Proper irrigation management in vegetable crops is essential to ensure crop development and potential yield, regardless of the growing system. Most vegetable crops are drip irrigated, where water is conveyed to the plants’ root zone via a drip tape line installed along the planted row. However, vegetable crops may also have overhead irrigation. In these systems, water is conveyed to plants via sprinklers using center-pivot, linear movement sprinklers, stationary or moving guns, and others. Overall, drip irrigation operates under low pressure by distributing water via the emitters installed along the drip tap in low flow rates; water is applied precisely in the crop root zone. Contrarily, overhead irrigation requires high pressure and water is applied using nozzles that distribute water droplets and simulate rainfall events on top of the crop canopy.

Plastic mulching with drip irrigation.

Regardless of the irrigation system type, poor irrigation management can result in over- or under-irrigation of any crop, which is also known as crop water stresses. If water is not properly applied, vegetable crops may experience water stress in two different ways

• when there is a lack of water (water deficit)
• when there is an excess of water (soil water saturation)

Water deficit is caused by poor irrigation timing or insufficient volumes of water being applied, limiting soil water availability to plants. Soil water saturation is caused by an excess soil moisture that may be caused by long periods of irrigation or excessive water volumes being applied, which induces nutrient leaching. In both cases, vegetable crop development will be negatively impacted, and yield reduced. Consequently, a proper scheduling of irrigation events is an important management in vegetable production.

Irrigation Scheduling

overhead sprinkler irrigation

Below are the most common methods of irrigation scheduling:

• Systematic irrigation (SYS): This method consists of managing water applications on a time or volume basis. Water is applied every day for the same time-period or volume, regardless of crop growth stages or weather condition.
• Irrigation using the crop water demand (ETc): This method supplies water to plants according to the crop evapotranspiration, also known as the crop water demand, and changes according to the crop growth stage. Irrigation water is, thereby, applied to replace volumes of water uptake by plants.
• Irrigation using soil moisture sensor (SMS): This method requires the use of sensors to monitor the soil water status in the crop root zone; thus, water is applied to maintain a specific range of soil water available to plants.
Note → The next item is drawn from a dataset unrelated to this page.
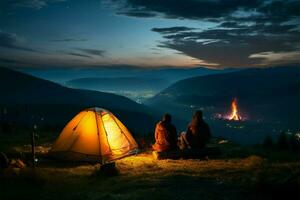 giovane coppia di fuoco da campo, luminoso tenda, sotto un' stellato montagna cielo ai generato foto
Particularly, the systematic irrigation is vastly used by growers, but it might not be the best option. Preliminary studies conducted in Alabama have shown that water saving in watermelon production could be 45% and 70% for irrigation scheduling using the crop water demand and soil moisture sensors compared to the systematic irrigation, respectively (Figure 3). In organic tomato production, water savings were 44% and 57% for irrigation scheduling using the crop water demand and soil moisture sensors compared to systematic irrigation, respectively (Figure 4).

In both studies, crop yields and fruit quality were similar or the highest for the irrigation scheduling using crop water demand and soil moisture sensor. Furthermore, these methods of irrigation scheduling have also proven to increase fertilizer use efficiency and reduce cost of production.